The life that is beyond me

 Life is often reflected as a cycle. Babies to toddlers to kids to teens to adults to senior citizens and .. back to kids and babies again? Depends.. some people do go to that extent of life. I pray that I will not. I pray that if I were to die, I hope my death will be a quick one.. without any prolong illness, without having to go through the "baby" stage where people around me have to care for me. I pray that I will die in good faith, a peaceful one not in a horrifying and bloody one. I pray that I will be able to utter the shahadah before my last breath. I pray that my eldest will lead the last rite for me. Ahhh so much hope I have thought about.. I pray that God will grant all of it.

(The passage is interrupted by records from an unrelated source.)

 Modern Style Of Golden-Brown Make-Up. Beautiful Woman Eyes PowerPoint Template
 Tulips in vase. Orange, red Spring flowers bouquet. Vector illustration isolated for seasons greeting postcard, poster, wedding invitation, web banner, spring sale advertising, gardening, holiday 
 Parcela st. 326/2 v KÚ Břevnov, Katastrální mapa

As I have reached this point of life, the life before me always come reflected in front of me ... how I wasted or enjoyed my youth, how I chose my life to be what it is today. How many opportunities that I have let go, how many opportunities I have grabbed. And yet, truth to be told, all these have been destined to be. Allah is the best planner. There should be NO whatifs. There should be no regret since these are all Allah's plans. No matter how much you want it to be different, Allah knows best and he has planned it as such even though it is not to your liking, but it is the best for you. I have  thought about it over and over again, what if I have chosen the other road, how would life be? But yeah, it remains a thought. I am not one who dares enough to make drastic change in my life.. no I'm not. I am the one who faces come what may.. not daring enough to get out. I don't know.. I just don't have the strength!

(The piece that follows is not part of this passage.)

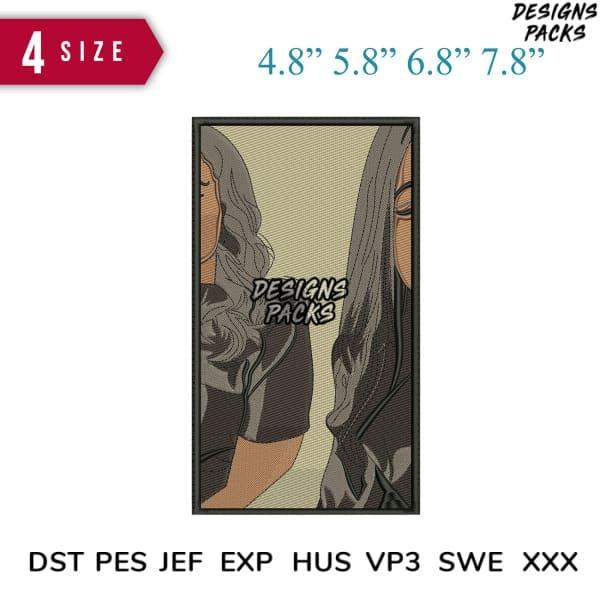 Embroidery design of two women in comic style, available in 4 sizes & multiple formats like PES, DST, EXP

And even where the children are concerned, I now leave all to Allah. It is beyond me to control what's happening in their lives once they reached their independence. I wish they can stay as they were before, asking me for permission and advice. That's no longer the case. I wish and wish they are still my babies. It hurts to think that they might even dislike me. Then again, I have no power and control over them anymore. Hence, I leave it all to Allah. I pray that things will go their way, I pray that they will love me unconditionally just as I love them, I pray that they will remain in their iman, that they maintain their faith. I pray that they will have a better life as compared to me. I pray they will meet all the good people in their lives, meet a good loving partner who will lead them to jannah. I pray for all the good things going their way. And even if they face challenges in life, they know how to handle it well. 

I can be the spectator of their lives, whether or not they allow me to step in their lives, I wouldn't know. My heart is heavy with so much love for them. And I hope they love me too. 

This is one emotional post that I hope my children will be able to read someday when I am gone. No I don't wish to go so soon.. there are so much more I want to do in life. But at this very moment I'm feeling very tired of 'life's affairs' that I feel like being shut down is OK .. though I'm wayyy from being ready!